Your instructions: When you reach the line that holds "Girls Black &", start copying exactly and keep going through the final line of the data, leaving out pictures.

*** Extracted records Section Begins ***

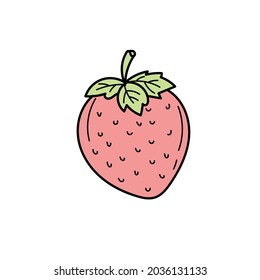 Strawberry. Hand drawn, graphic element, stylized color sketch on white. Simple summer icon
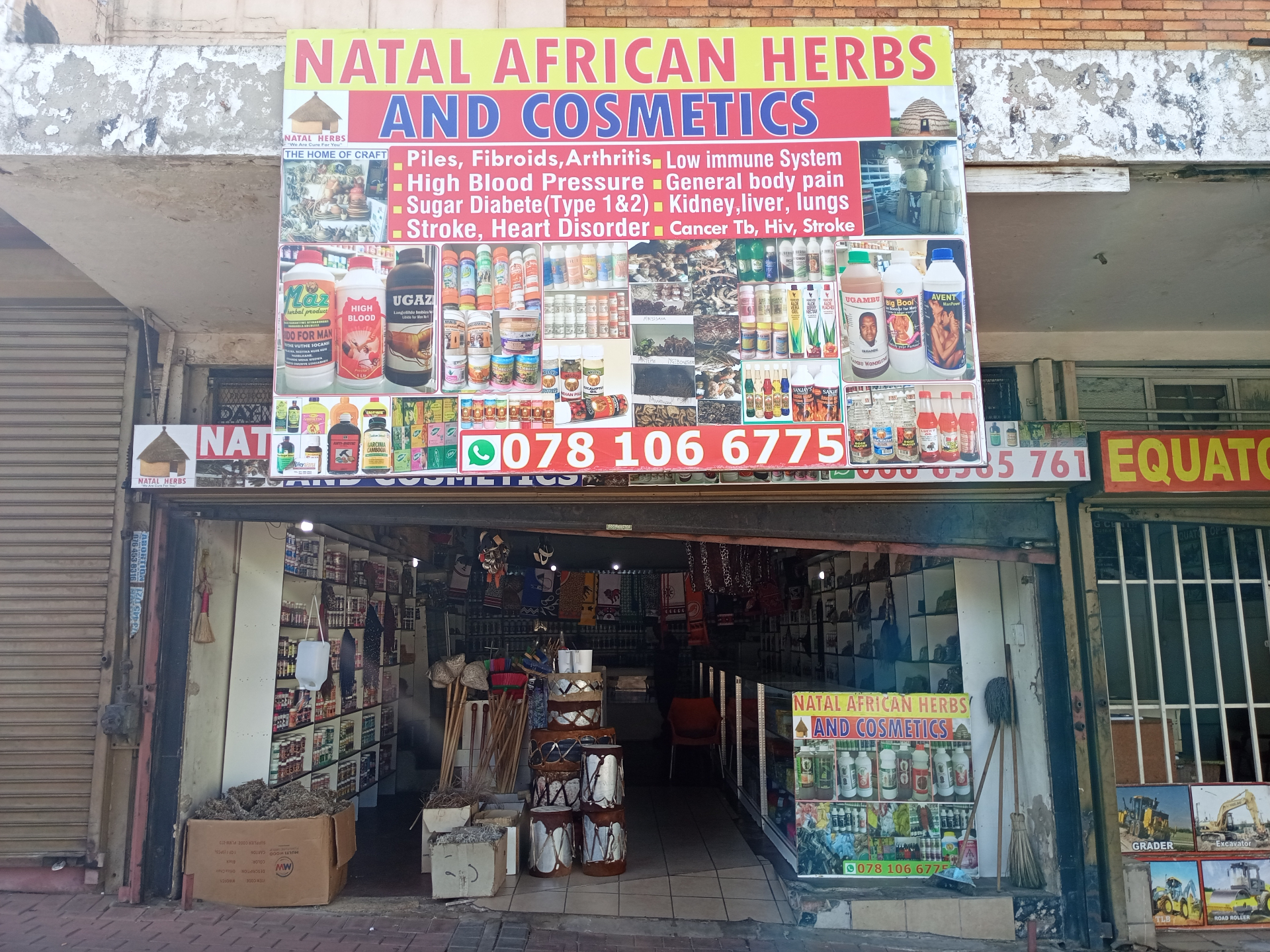 Natal African Herbs and Cosmetics shop front in Georgetown, Germiston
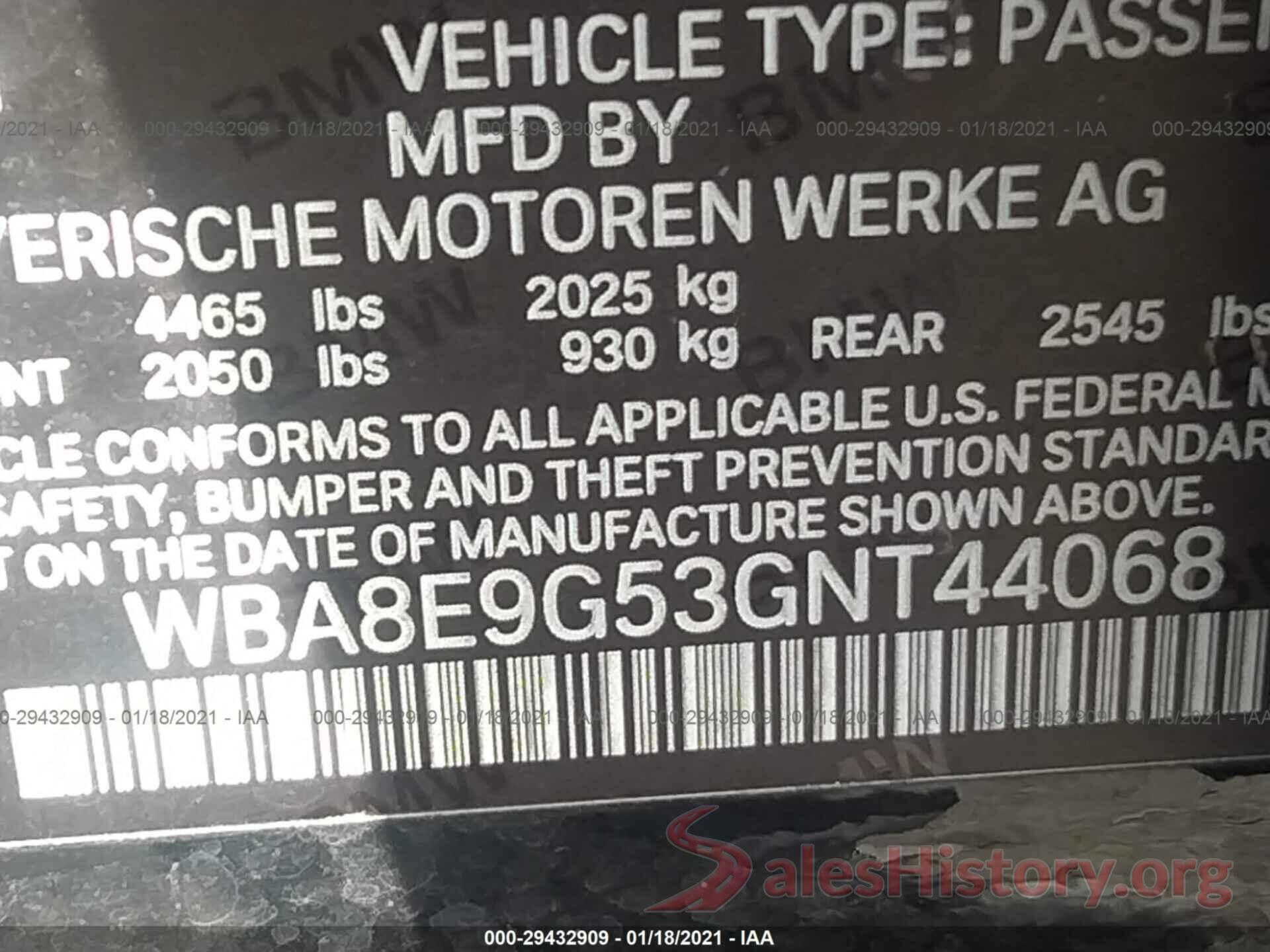 WBA8E9G53GNT44068 2016 BMW 3 SERIES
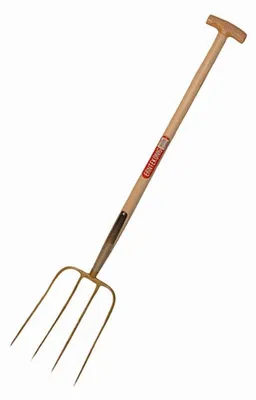 Produktbild von Dunggabel 4 Zinken, 85cm-T-Stiel Esche, 31x23cm, gold-lackiert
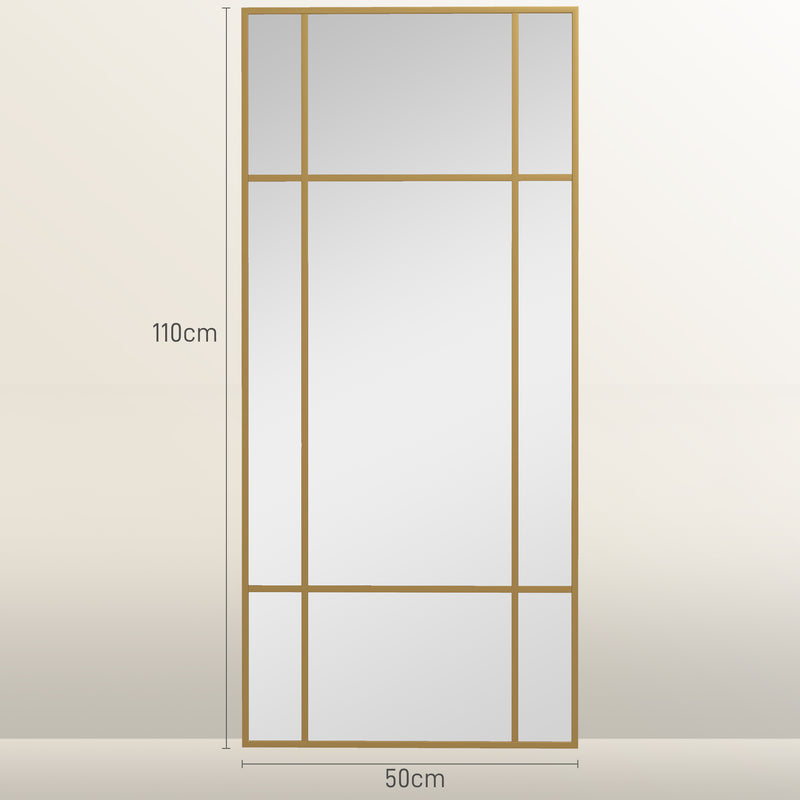 HOMCOM Window Style Vanity Mirror 110 x 50cm Hanging Wall Mirror Gold Tone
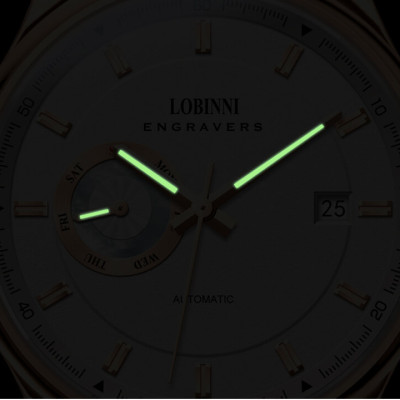 Đồng hồ nam chính hãng Lobinni No.17017-2 BH 24T, Kính sapphire nguyên khối chống xước, chống nước 50m, dây da cao cấp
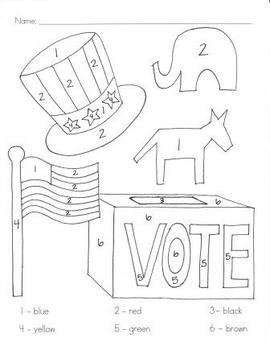 Election day color by number by moorelearning tpt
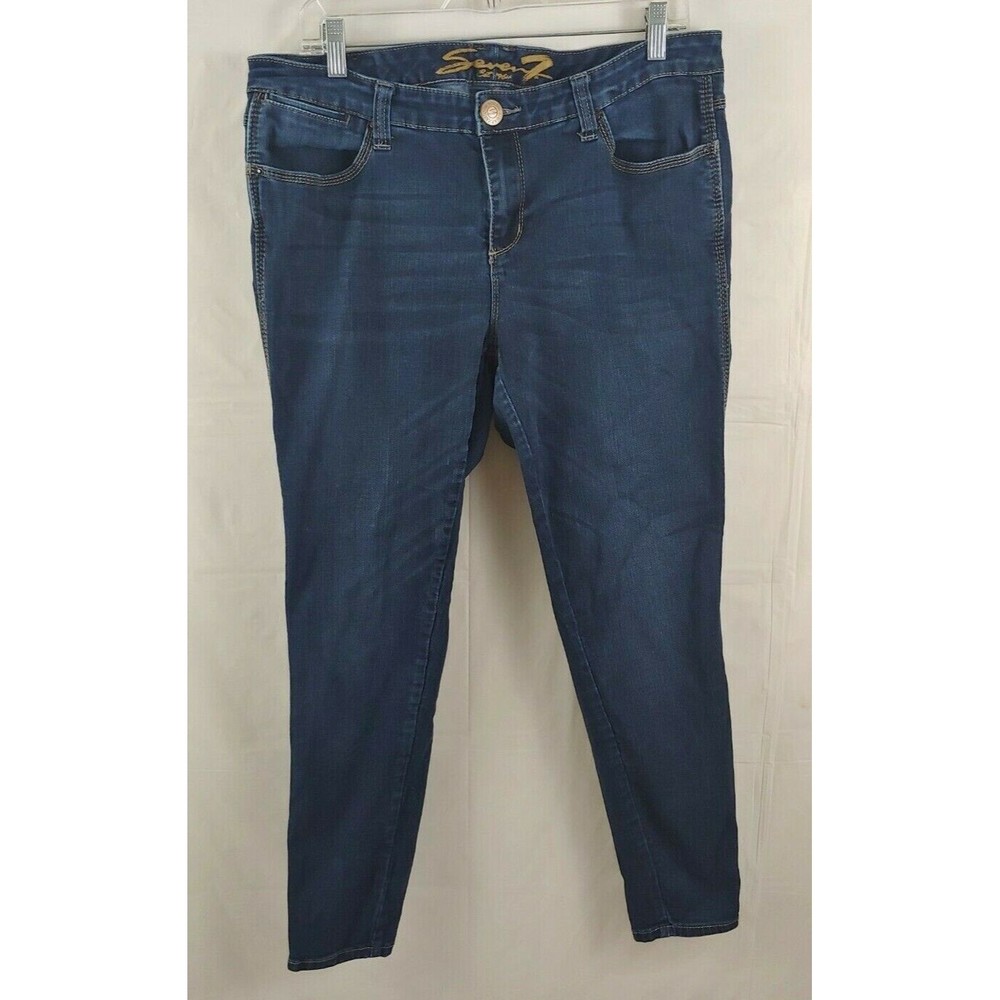Seven 7 Womens Jeans Sz 16 Skinny Slim Dark Wash Legging Jegging XL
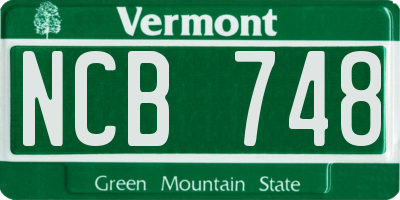 VT license plate NCB748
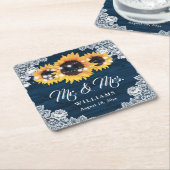 Navy Blue Rustic Wood Lace Sunflower Weddenschap Kartonnen Onderzetters (Schuin)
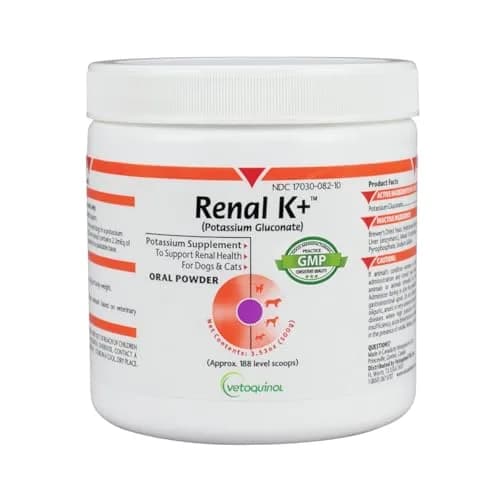 Vetoquinol Renal K, Potassium Powder for Dogs and Cats, 3.5 oz | Supports Kidney & Muscle Health thumbnail 1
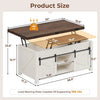 Jode Lift Top Coffee Table for Living Room with 4 Sliding Barn Doors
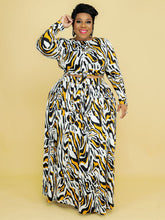 Conjunto de dos piezas con top de leopardo y falda larga en talla grande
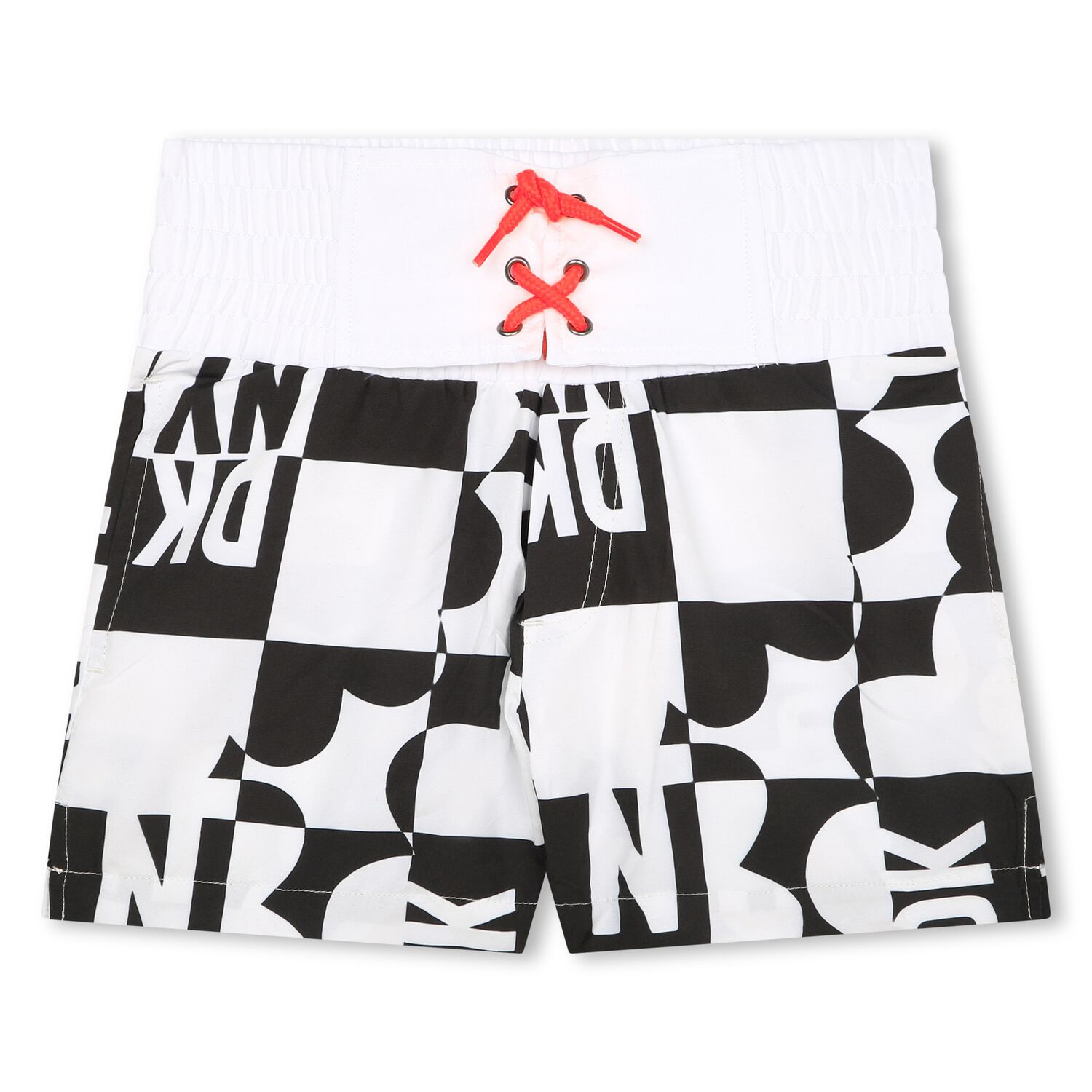 Girls Black & White Logo Swim Shorts, 1, hi-res image number null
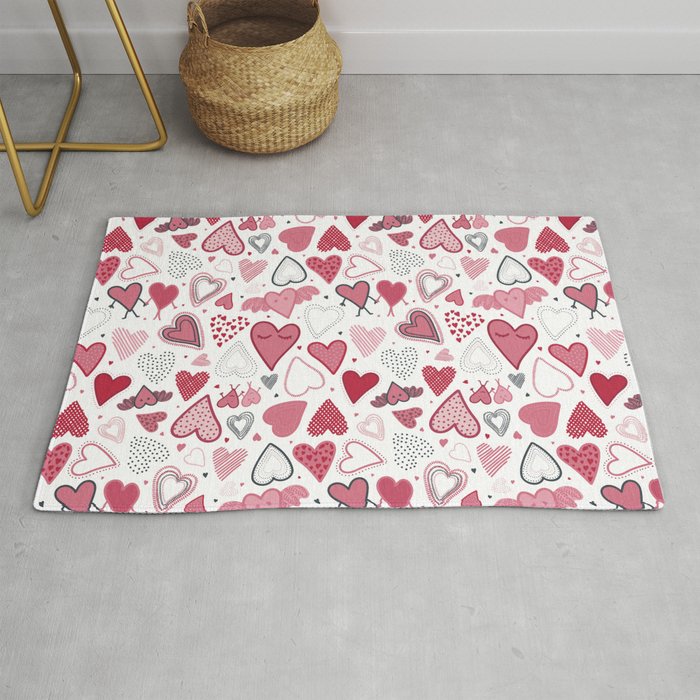 Hand drawn pacific pink and red doodle hearts pattern. Rug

*** Extracted records Section Ends ***

Reply:
 Girls Black & White Logo Swim Shorts, 1, hi-res image number null
 Hand drawn pacific pink and red doodle hearts pattern. Rug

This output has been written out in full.